Notes from Meeting w/ the Head Lead* Doc

Jody and I had a post-chemo/rad check-in with the doctor heading up my treatment team today. Basically he wanted to make sure I was feeling ok and that I will follow-up with him on the outcome of The Thing That Will Not Be Mentioned** that I got looked over for yesterday.


  • There is a possibility that my lower anterior resection can be done laproscopically. For reals?! Still, I'm pretty much resigned to having a 6+" scar running down my belly. Battle scars and all that.
  • Chances of my getting an ostomy: 100%. Having my output rerouted significantly decreases my risk of post surgical complications.
  • Chances of having an ileostomy (vs. colostomy): 100%. The logic behind putting the ostomy further upstream from the actual anastomosis is that they're apparently easier to set up and take down.

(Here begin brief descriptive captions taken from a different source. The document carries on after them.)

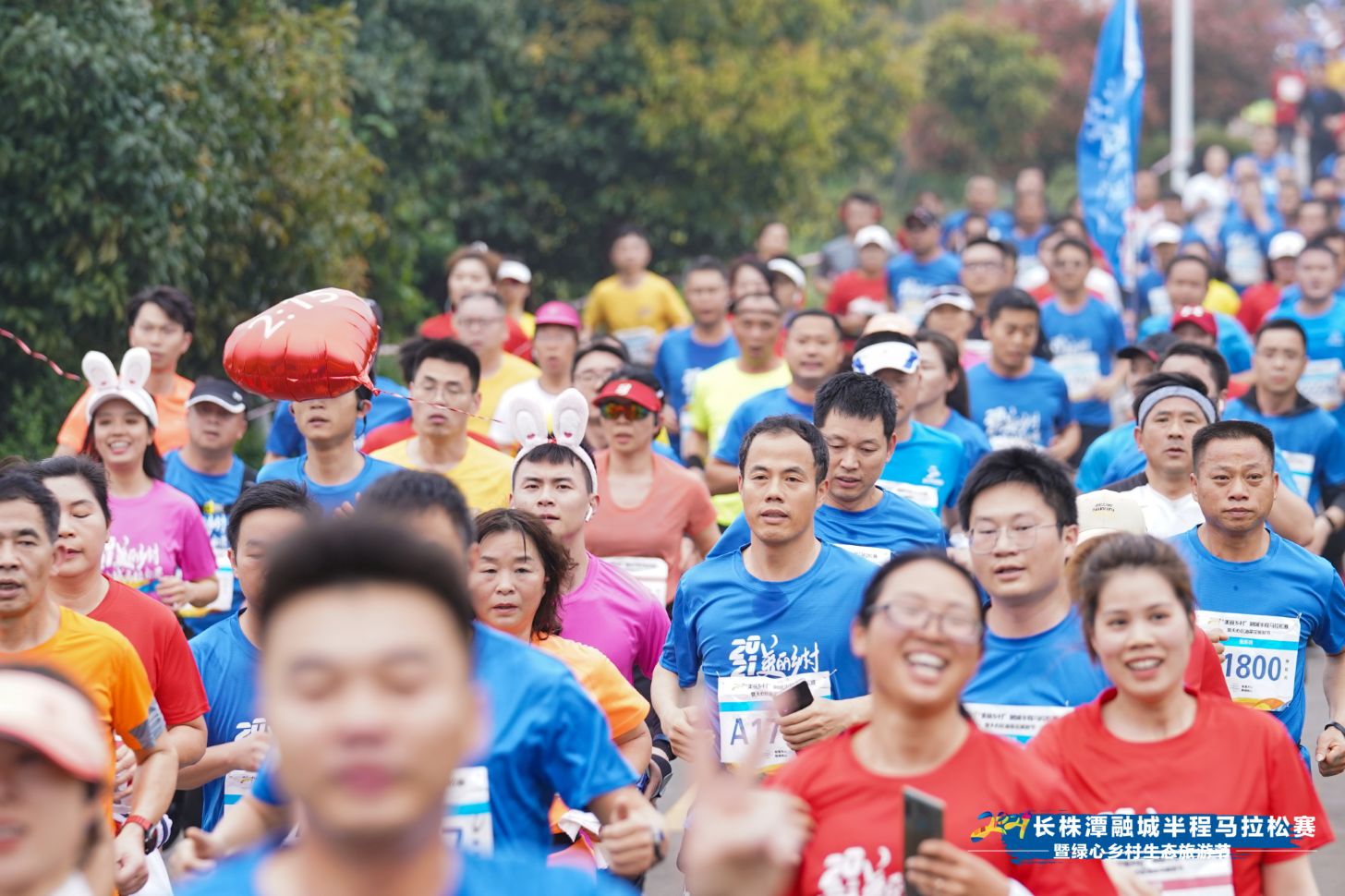 湖南BG大游管理有限公司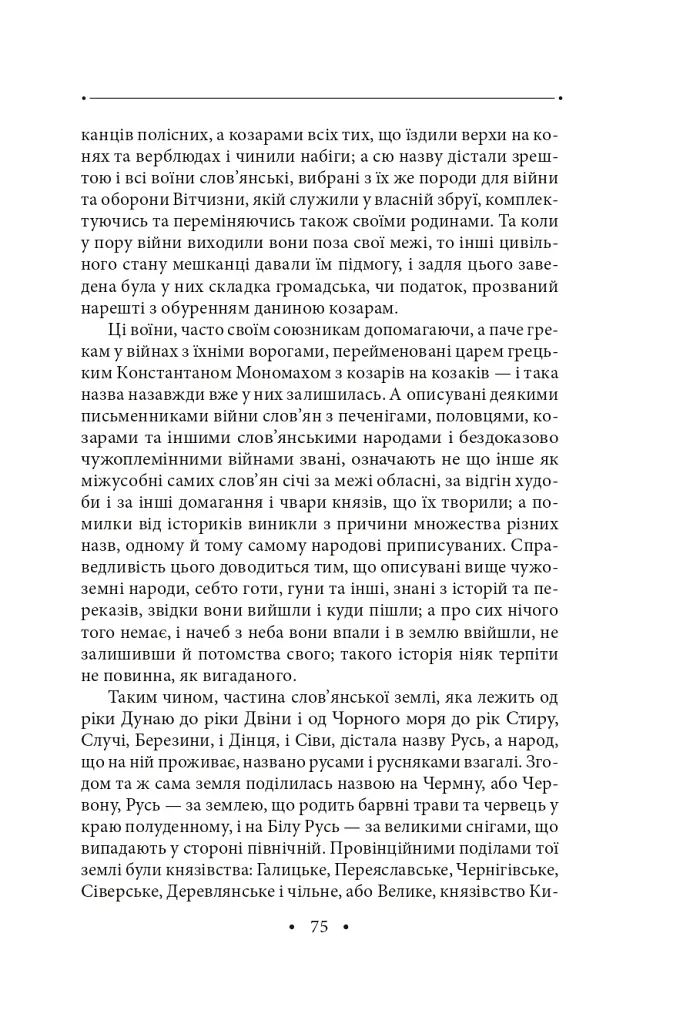 Історія русів. Переклад Івана Драча - - фото 14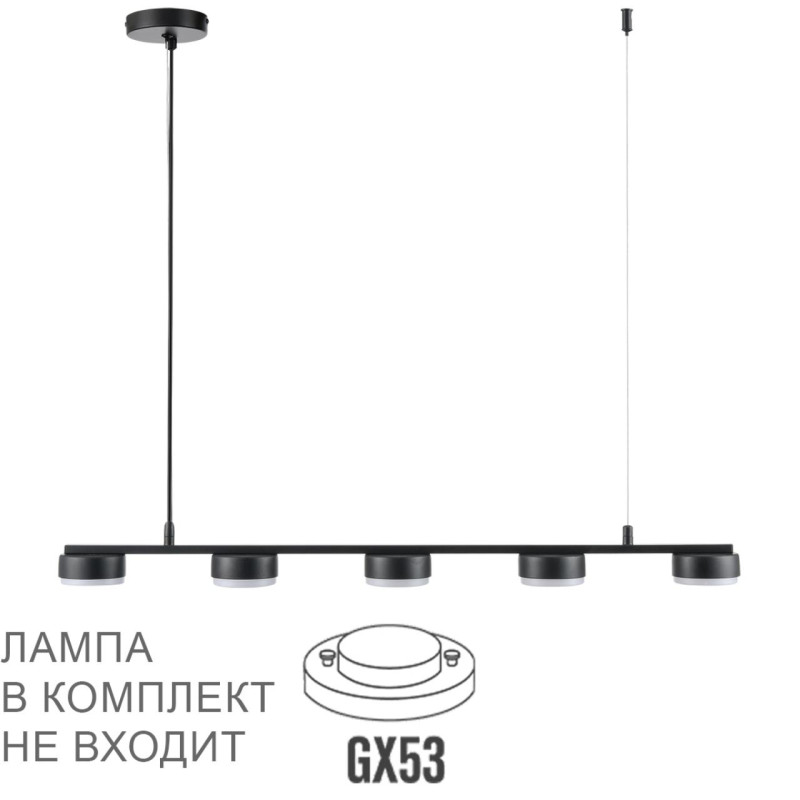Подвесной светильник LUMION 8117/5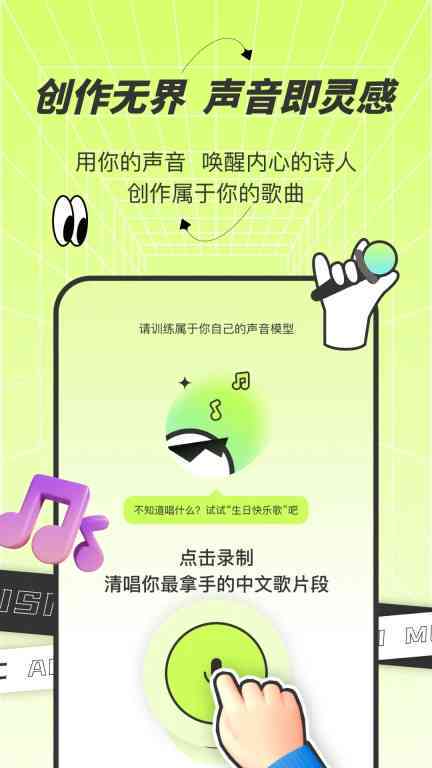 智能韵律创作：AI赋能的诗歌写作助手平台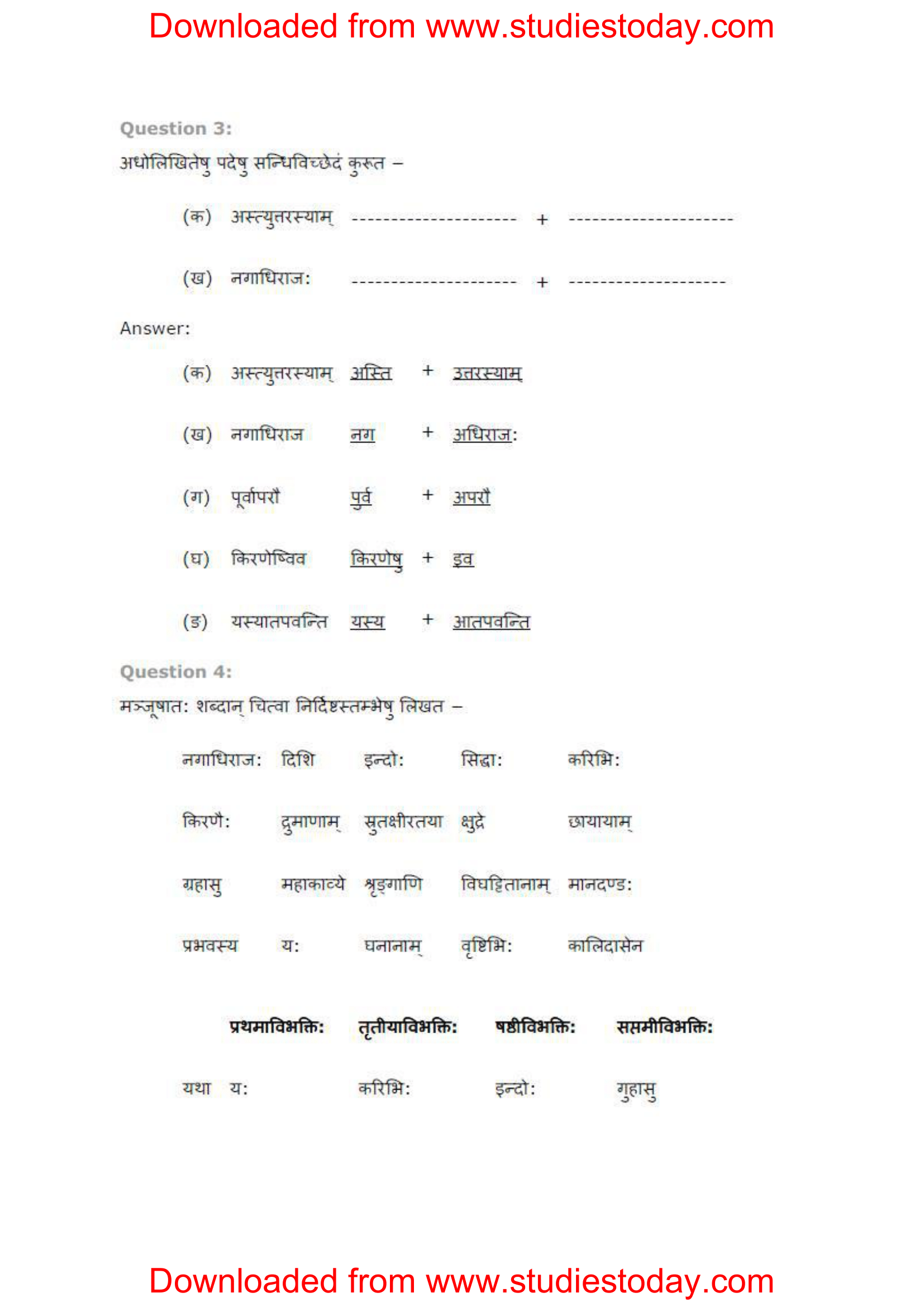 ncert-solutions-class-8-sanskrit-chapter-13-himalya-2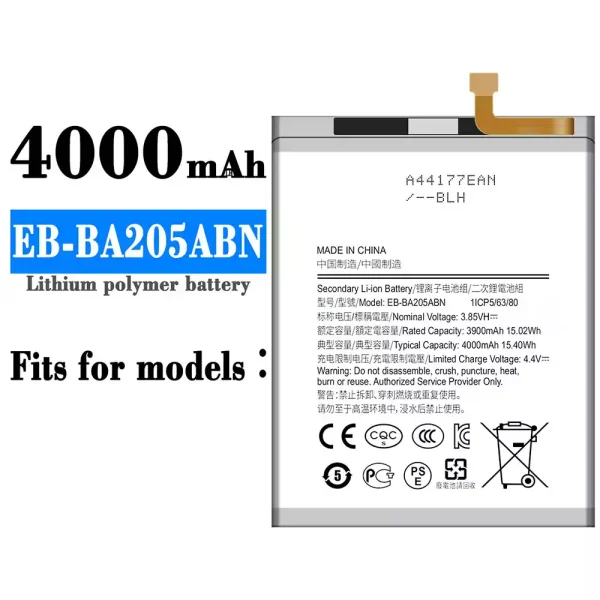 Original new battery EB-BA205ABN for Samsung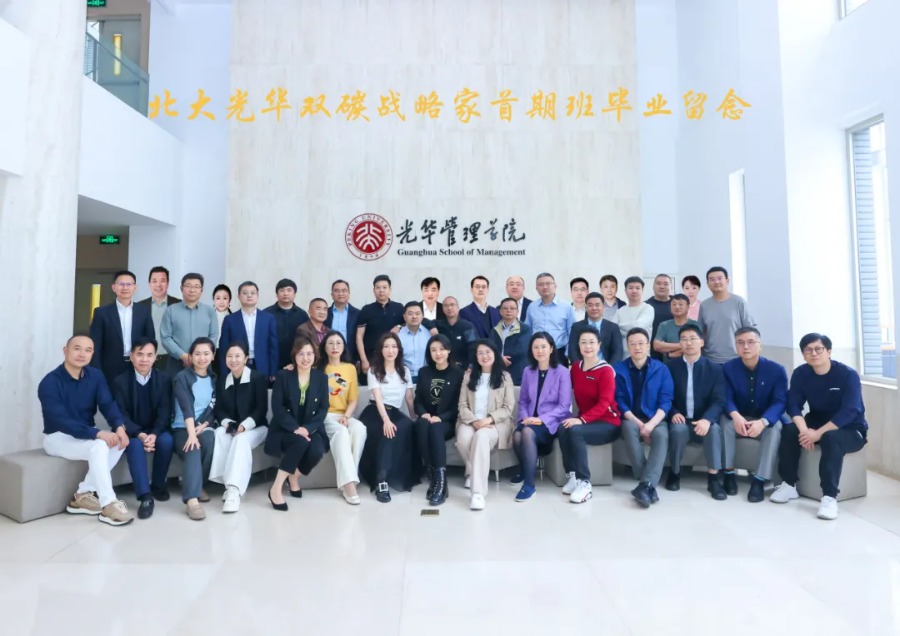 MG电子游戏(中国集团)官方网站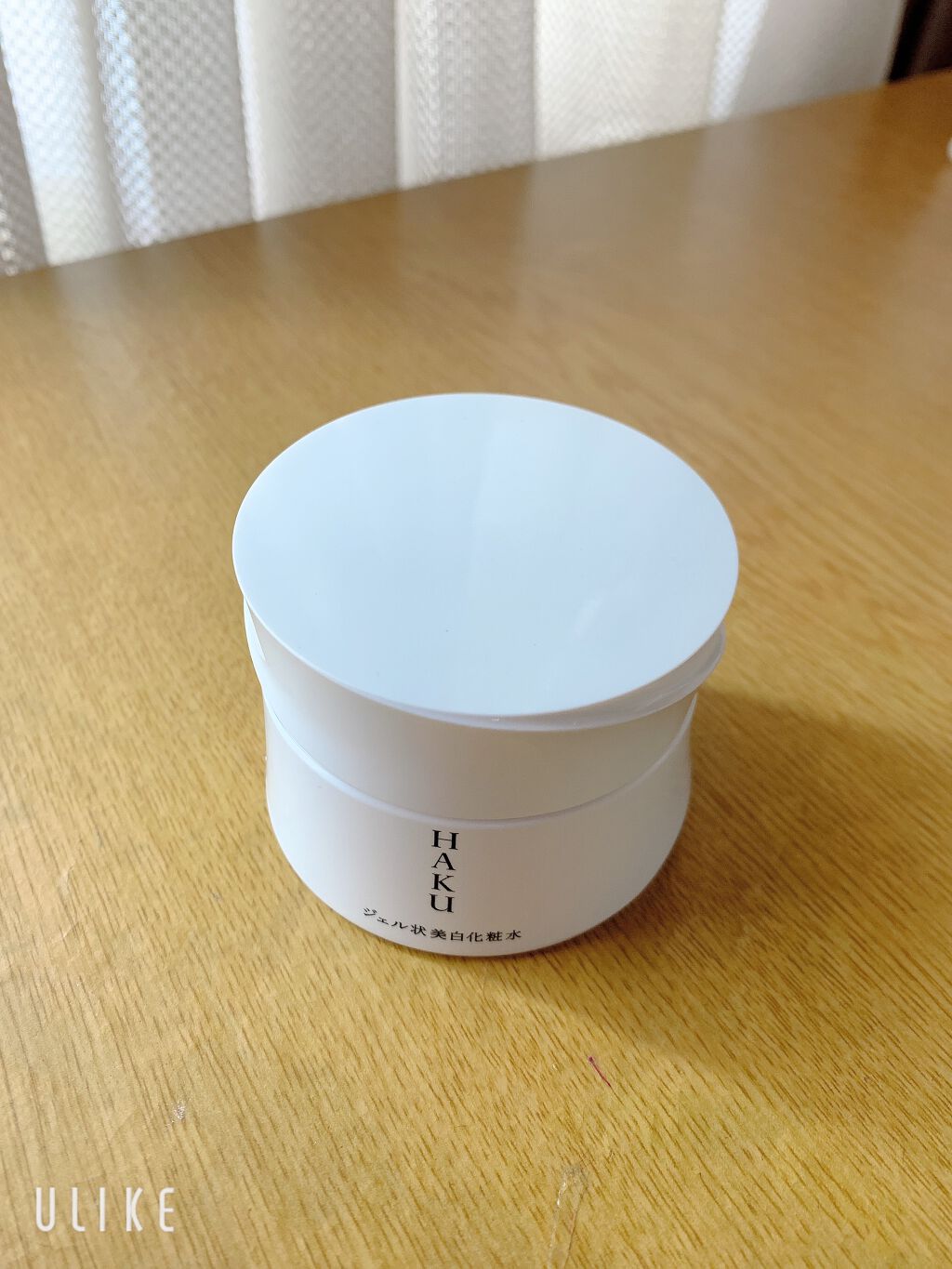 メラノディープモイスチャー/HAKU/化粧水を使ったクチコミ（1枚目）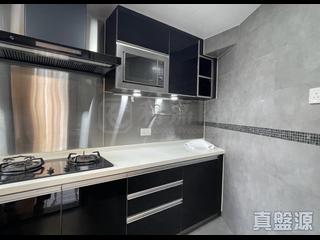 Quarry Bay - Mount Parker Lodge Block E 04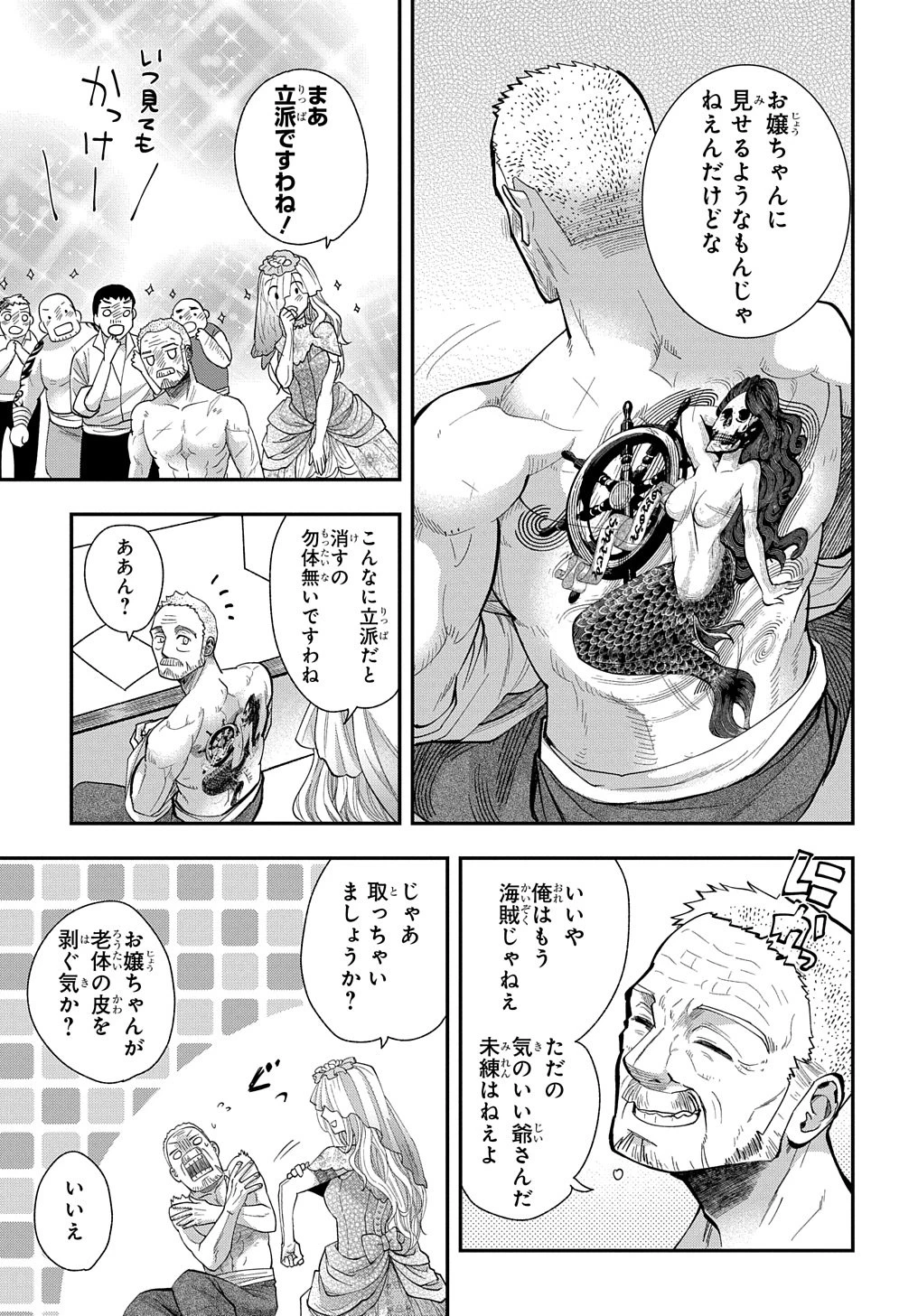 化物嬢ソフィのサロン ～ごきげんよう。皮一枚なら治せますわ～ 第2話 - 13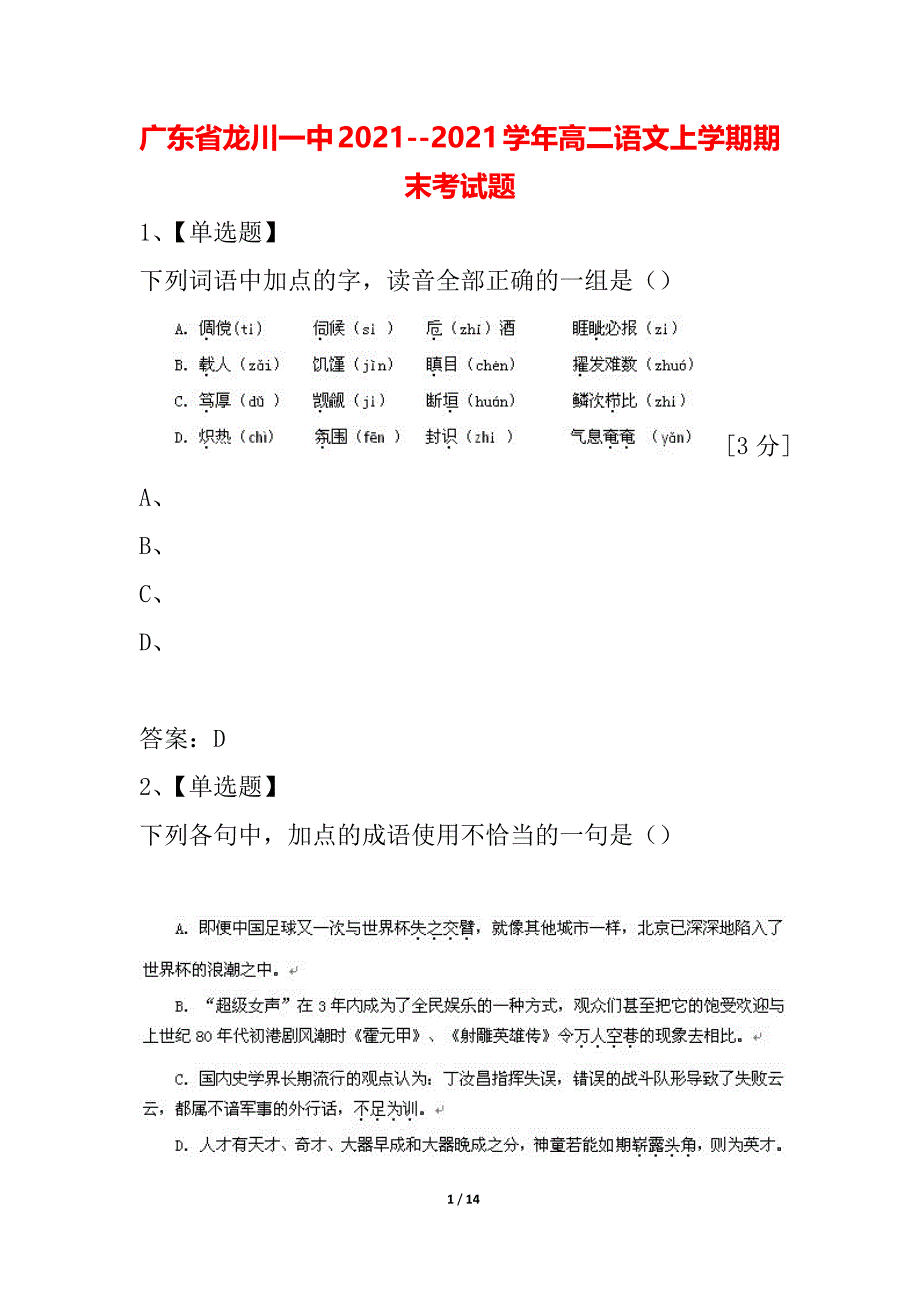 广东省龙川一中2021--2021学年高二语文上学期期末考试题_第1页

I was kinda hoping to have something a little further downstream, but whatever it takes to get my Humpty Dumpty guts back together again.
  • Speaking of the "take down," that is done post chemo, so I'm going to be Lady Ziplock for a while. Gah.
  • He confirmed that the chemo/rad treatment seemed to do a number on my tumor. We don't need to talk about how he came to that conclusion...
Long story short, my job is to TCB until surgery. I've already filed our taxes and am getting a good head of steam up for putting stuff up on eBay, so I've got that going for me.

Which is [k]nice.

*Not "head" as in shrink (thanks HH)
**It's probably not what I feared, which is too icky and unsettling to actually mention in print, but there are some things even I have to keep private, especially when it involves them privates.

1 comment:

Ed said...

Not that you asked for my specific opinion on this, but I have one related to the laparoscopic-option. I had a pair of super-great surgeons do my lower anterior resection (which I notice you have changed from TME on your calendar), and my scar is pretty mild. That said, my surgery was NOT completely laparoscopic or direct. They initially used laparoscopic technique to detach the descending colon from its attachment near my spleen... a small incision, insert laparoscopic tool, move tool to correct location and snip-snip. Then, they sliced my abdomen from just below the belly button to just north of you-know-where. They chose to do this for two reasons - (1) to be able to clearly see what the heck there was to see before any slicing and dicing and reattaching activities, and (b) to be as gentle as possible with my internal organs. If you try to do this laparoscopically, they make smaller incisions (good for post-operative aesthetics) but are forced to pull your colon out through the incision to see it/slice it/reattach it. This is harder on the tissues of the colon itself (more soreness and longer healing) as well as the connective tissues and what-not inside your belly. That tugging and shoving may make it more likely that you will develop adhesions during the healing process, and these buggers could twist up your colon (or worse, your small intestine). I had a majorly-painful partial bowel obstruction three weeks after surgery that was more painful than anything preceding that - including the too-speedy reduction in my epidural that led to massive muscle cramping along my abdominal stitches the evening after my surgery.

Wow. What a mouthful. I may have already written a ton about this and the pains I had recovering from the surgery in my blog. Or maybe it was my email updates. I will look for those stories and forward them to you if you want to leave me your email address somewhere.